» Data below:
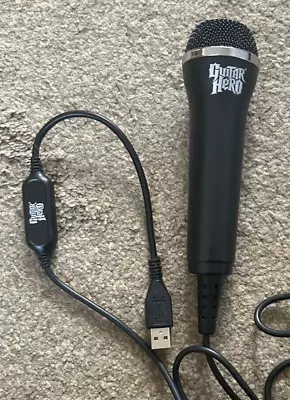 Official Guitar Hero - USB Microphone MIC - FREE UK POST PS3/Wii/Xbox 360 Tested • £11.95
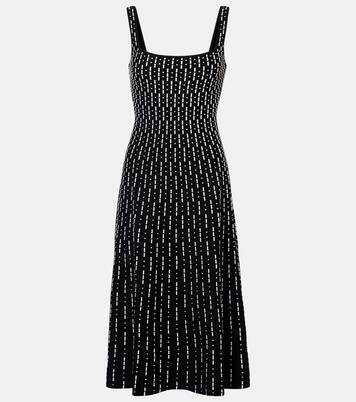 Robe midi Ellison en tricot compact | Staud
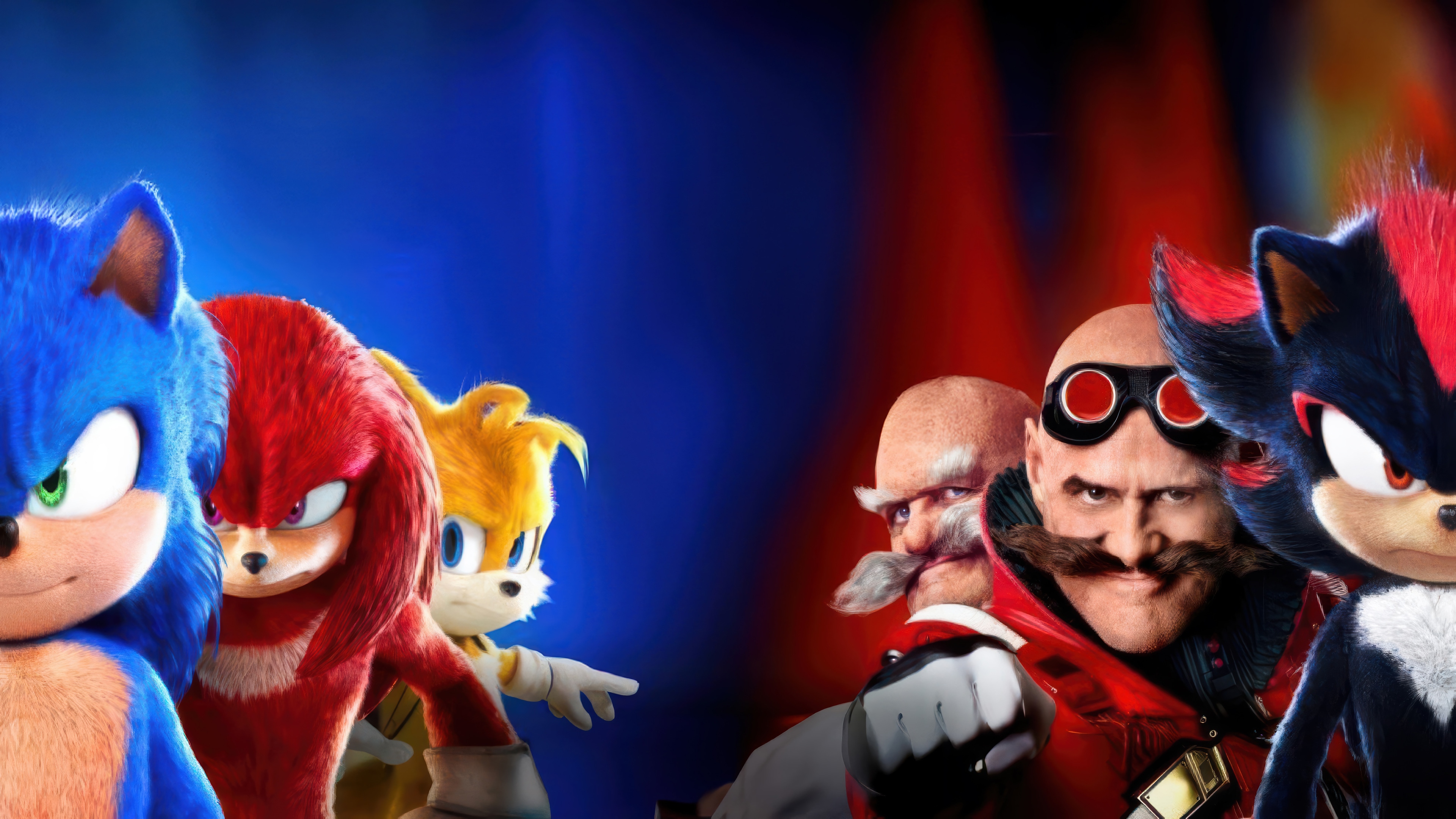 Sonic the Hedgehog 2 characters facing off HD Wallpaper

» What to work on: Set out the material once more, exact in every line, with no images.

» Task solution:
 Official Guitar Hero - USB Microphone MIC - FREE UK POST PS3/Wii/Xbox 360 Tested • £11.95
 Robe midi Ellison en tricot compact | Staud
 Sonic the Hedgehog 2 characters facing off HD Wallpaper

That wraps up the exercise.